# Powering a DECA specifically for a switch



## redfield99 (Sep 6, 2011)

Ok. So my setup is 3 HR24s with MRV. All is well. My problem/question is this...
I would like to use a DECA to get Internet access to some other components in a place where I am otherwise unable to run cable. I know that it is unsupported but can be done by splitting the coax and connecting one line to the HR24 and one line to a switch. I also understand tha this DECA will need to be powered. Can the power inserter power the whole system? Or do I need a second PI? Right now the power inserter is in the utility room feeding directly into the splitter for the whole house.
Any help is appreciated.
Thanks


----------



## HoTat2 (Nov 16, 2005)

redfield99 said:


> Ok. So my setup is 3 HR24s with MRV. All is well. My problem/question is this...
> I would like to use a DECA to get Internet access to some other components in a place where I am otherwise unable to run cable. I know that it is unsupported but can be done by splitting the coax and connecting one line to the HR24 and one line to a switch. I also understand tha this DECA will need to be powered. Can the power inserter power the whole system? Or do I need a second PI? Right now the power inserter is in the utility room feeding directly into the splitter for the whole house.
> Any help is appreciated.
> Thanks


That DECA will need its own power supply and there are various powering options depending on what type of DECA unit you are actually using for it from an included one with a conventional barrel power plug to an improvised PI. Can you describe the DECA you are using for internet access?
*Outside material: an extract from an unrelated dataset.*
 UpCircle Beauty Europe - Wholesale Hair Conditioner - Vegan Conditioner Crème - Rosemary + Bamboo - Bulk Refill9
The first PI you refer to is only used to power the SWiMLNB at the dish, none other.


----------



## redfield99 (Sep 6, 2011)

Thanks HoTat2, the DECA I had planned to use was a standard DIRECTV DECA that I have had purchased previously and used with an HR21. (1MR01 is model I believe)

What kind of options do I have? Is there a better way to achieve this? I can try to use wireless but it seems to be kind of a deadspot in my house..


----------



## veryoldschool (Dec 10, 2006)

So you have one of these:
http://www.solidsignal.com/pview.asp?p=DECA1MR01&d=DIRECTV-Ethernet-Coax-Adapter-DECA--(DECA1MR01)

And would need one of these:
http://www.solidsignal.com/pview.as...DECA-Power-Supply-(PS18DER0)&sku=874409002374

Or you could use one of these:
http://www.solidsignal.com/pview.as...-DECA-Broadband-with-power-supply-(DECABB1R0)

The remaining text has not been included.